Thelema is a path intended to do two interrelated things: to enable one to learn one's 'True Will'; and to achieve union with 'the All'. This unification of opposites, the individual and the universal, is reiterated by Crowley in his book Magick Without Tears:

The techniques for accomplishing these goals Crowley referred to as 'Magick,' a word he used to describe Western ceremonial magic (especially invocations and eucharistic ceremonies) supported by Buddhist meditation, Hermetic Qabalah, English Qaballa, tarot, and yoga, all set in the context of the worship of Nuit, the goddess of "Infinite Stars and Infinite Space".

Within the system of the magical Order A∴A∴, the Great Work of the Probationer Grade is considered to be the pursuit of self-knowledge to, as Crowley said in The Confessions of Aleister Crowley, "obtain the knowledge of the nature and powers of my own being." However, Crowley continues, the Great Work should also be something that is integrated into the daily life of all. Although Crowley often discussed the idea of "succeeding" or "accomplishing" in the Great Work, he also recognized that the process is ongoing.

The ability to accomplish the Great Work requires a great deal of preparation and effort, according to Crowley's system. The programme consists of several key elements, including a thorough knowledge of the Hermetic Qabalah (especially the Tree of Life), disciplined concentration (i.e. meditation), the development of one's body of light  (in order to experience other planes) and the consistent and regular invocation of certain deities or spiritual beings ('assumption of godforms').

Within the mystical and philosophical system developed by Crowley, the core task for a practitioner is the discovery and manifestation of True Will. The realisation of this True Will is itself the Great Work, as expressed in the Benediction at the end of Crowley's Gnostic Mass, where the Priest blesses the congregation with the words:

Methods

Tree of Life 
The Tree of Life is a tool used to categorize and organize various mystical concepts. At its most simple level it is composed of ten spheres, or emanations, called sephiroth (sing. "sephira") which are connected by twenty-two paths. The sephiroth are represented by the planets and the paths by the characters of the Hebrew alphabet, which are subdivided by the five elements, the seven classical planets, and the twelve signs of the Zodiac.

Within the Western magical tradition, the Tree is used as a kind of conceptual filing cabinet. Each sephira and path is assigned various ideas, such as gods, cards of the Tarot, astrological planets and signs, elements, and so forth.
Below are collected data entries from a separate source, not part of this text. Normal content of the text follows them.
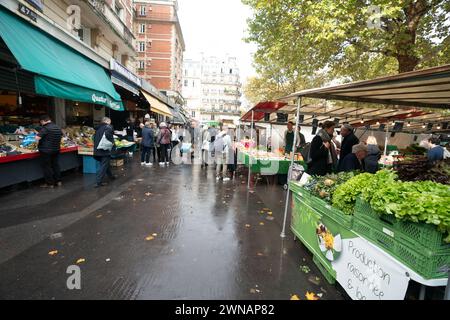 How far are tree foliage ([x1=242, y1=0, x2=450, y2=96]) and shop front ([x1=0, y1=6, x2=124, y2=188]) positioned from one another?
7.31 metres

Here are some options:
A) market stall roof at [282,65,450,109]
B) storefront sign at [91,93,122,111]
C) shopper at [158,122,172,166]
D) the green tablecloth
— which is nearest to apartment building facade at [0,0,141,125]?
storefront sign at [91,93,122,111]

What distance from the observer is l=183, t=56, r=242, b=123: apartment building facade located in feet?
258

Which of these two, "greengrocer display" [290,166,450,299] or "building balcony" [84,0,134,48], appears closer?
"greengrocer display" [290,166,450,299]

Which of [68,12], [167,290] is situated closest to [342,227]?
[167,290]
Crowley's Liber 777 is one of the most comprehensive collections of such qabalistic correspondences. Other authors have written on the topic, including Eliphas Levi, Israel Regardie, and Gareth Knight.

The path of attainment is largely defined by the Tree of Life. The aspirant begins in Malkuth, which is the everyday material world of phenomena, with the ultimate goal being at Kether, the sphere of Unity with the All. Through various exercises and practices, the aspirant attains certain spiritual and mental states that are characterized by the various sephiroth that ascend the Tree. Crowley considered a deep understanding of the Qabalah to be essential to the Thelemite. The practice of the Middle Pillar is especially important.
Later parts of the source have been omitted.